Delay
in the declaration of the transitional electricity market (TEM) is holding down
the implementation of several agreements, including power purchase agreements
(PPAs), gas supply aggregation agreements (GSAA) and gas transportation
agreements (GTAs), which would have unlocked the potential of the Nigerian
electricity supply industry, BusinessDay investigations show.
Industry
analysts say the delay is capable of stalling the inflow of the much-needed
funds and capacities into the sector as it increases the risk profile of the
sector.
TEM
represents the intermediate step to move the electricity market in an orderly
manner from an integrated whole utility to a fully competitive market structure
with more differentiated players.
For
instance, the declaration
of the TEM would make it mandatory for the Nigerian
Gas Company (NGC), a subsidiary of NNPC, to be penalised in the event of
failure to deliver on its gas supply commitments to the power producers, in
line with the Gas Supply Agreement signed in 2013.
Also,
any power-generating station that fails to deliver on its electricity supply
commitment to the national grid, according to the PPA signed with Nigeria Bulk
Electricity Trading plc (NBET), will also be sanctioned.
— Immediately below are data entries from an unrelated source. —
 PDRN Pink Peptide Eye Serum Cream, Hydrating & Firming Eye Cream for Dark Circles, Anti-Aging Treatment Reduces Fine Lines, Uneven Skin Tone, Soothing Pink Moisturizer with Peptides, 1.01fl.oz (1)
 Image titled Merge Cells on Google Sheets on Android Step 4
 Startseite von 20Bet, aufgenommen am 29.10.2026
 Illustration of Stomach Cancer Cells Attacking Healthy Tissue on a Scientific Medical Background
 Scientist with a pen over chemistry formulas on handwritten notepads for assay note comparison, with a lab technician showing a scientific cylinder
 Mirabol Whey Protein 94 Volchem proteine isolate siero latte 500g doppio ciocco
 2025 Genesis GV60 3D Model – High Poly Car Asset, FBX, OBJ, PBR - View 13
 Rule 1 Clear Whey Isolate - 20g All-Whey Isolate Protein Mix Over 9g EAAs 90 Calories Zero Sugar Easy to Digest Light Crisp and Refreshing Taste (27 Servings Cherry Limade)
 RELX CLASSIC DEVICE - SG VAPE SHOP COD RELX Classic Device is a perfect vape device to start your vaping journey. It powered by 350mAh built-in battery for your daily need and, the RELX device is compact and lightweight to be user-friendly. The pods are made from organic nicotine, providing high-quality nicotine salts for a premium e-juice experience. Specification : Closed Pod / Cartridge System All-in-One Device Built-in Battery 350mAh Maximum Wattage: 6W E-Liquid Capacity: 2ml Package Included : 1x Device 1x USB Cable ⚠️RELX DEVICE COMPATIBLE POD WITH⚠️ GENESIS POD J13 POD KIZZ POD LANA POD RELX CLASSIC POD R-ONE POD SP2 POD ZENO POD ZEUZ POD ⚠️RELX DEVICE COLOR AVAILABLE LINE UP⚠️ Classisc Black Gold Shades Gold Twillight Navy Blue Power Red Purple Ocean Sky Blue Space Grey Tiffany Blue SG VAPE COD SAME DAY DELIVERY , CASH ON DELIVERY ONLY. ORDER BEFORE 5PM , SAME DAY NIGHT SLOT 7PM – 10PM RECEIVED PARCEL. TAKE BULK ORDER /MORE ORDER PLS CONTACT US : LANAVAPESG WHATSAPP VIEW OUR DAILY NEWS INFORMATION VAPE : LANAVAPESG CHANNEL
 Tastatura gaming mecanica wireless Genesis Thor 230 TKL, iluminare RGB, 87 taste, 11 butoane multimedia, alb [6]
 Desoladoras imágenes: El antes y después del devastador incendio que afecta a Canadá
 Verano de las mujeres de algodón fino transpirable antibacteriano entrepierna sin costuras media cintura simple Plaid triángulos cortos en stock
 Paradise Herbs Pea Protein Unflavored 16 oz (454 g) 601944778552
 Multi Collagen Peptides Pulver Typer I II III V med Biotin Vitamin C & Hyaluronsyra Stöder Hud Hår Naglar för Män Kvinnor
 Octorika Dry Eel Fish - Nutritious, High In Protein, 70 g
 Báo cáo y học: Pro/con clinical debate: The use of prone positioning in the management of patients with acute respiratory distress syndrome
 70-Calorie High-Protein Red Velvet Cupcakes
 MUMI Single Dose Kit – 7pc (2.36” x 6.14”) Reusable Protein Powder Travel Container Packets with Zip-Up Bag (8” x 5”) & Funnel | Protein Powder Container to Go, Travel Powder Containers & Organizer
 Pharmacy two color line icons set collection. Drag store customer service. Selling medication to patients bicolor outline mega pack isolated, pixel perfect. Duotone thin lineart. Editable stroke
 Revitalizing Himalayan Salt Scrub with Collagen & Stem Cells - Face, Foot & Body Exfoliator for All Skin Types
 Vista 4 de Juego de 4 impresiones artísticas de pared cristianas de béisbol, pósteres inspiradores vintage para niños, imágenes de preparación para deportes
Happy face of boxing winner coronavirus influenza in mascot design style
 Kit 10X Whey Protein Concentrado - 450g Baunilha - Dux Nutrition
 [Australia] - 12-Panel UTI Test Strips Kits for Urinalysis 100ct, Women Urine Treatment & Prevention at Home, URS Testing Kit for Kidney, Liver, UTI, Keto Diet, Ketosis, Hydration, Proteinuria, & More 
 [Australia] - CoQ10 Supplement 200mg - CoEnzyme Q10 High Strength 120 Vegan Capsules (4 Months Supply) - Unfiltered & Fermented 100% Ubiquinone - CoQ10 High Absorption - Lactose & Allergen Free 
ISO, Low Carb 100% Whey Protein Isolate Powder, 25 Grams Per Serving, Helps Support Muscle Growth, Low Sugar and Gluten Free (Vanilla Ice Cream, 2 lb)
This means NBET will
not be paid for power not supplied to the distribution companies (Discos) that
ultimately lose revenue for failing to supply improved electricity to
households and businesses.
Other
agreements that have been signed but are yet to be operational as a result of
the delay in the declaration of TEM include transmission use of service
agreements, grid connection agreements and ancillary services agreement.
“The
primary implication of the failure to declare the transitional electricity
market is that the market participants have no currently enforceable and
risk-allocated contractual basis for enforcing performance from one another as
the suite of bilateral and other contracts among these parties stand suspended
until TEM is declared,” said Ayodele Oni, an energy law and policy expert and
senior associate in the law firm, Banwo & Ighodalo.
The
declaration of the TEM is expected to kick-start a fully contracted and
rules-governed electricity market wherein the sanctity of contracts shall be
full to protect market liquidity and incentivise increased investment.
“Investors
and financiers are already reluctant to release funds because there is no TEM,”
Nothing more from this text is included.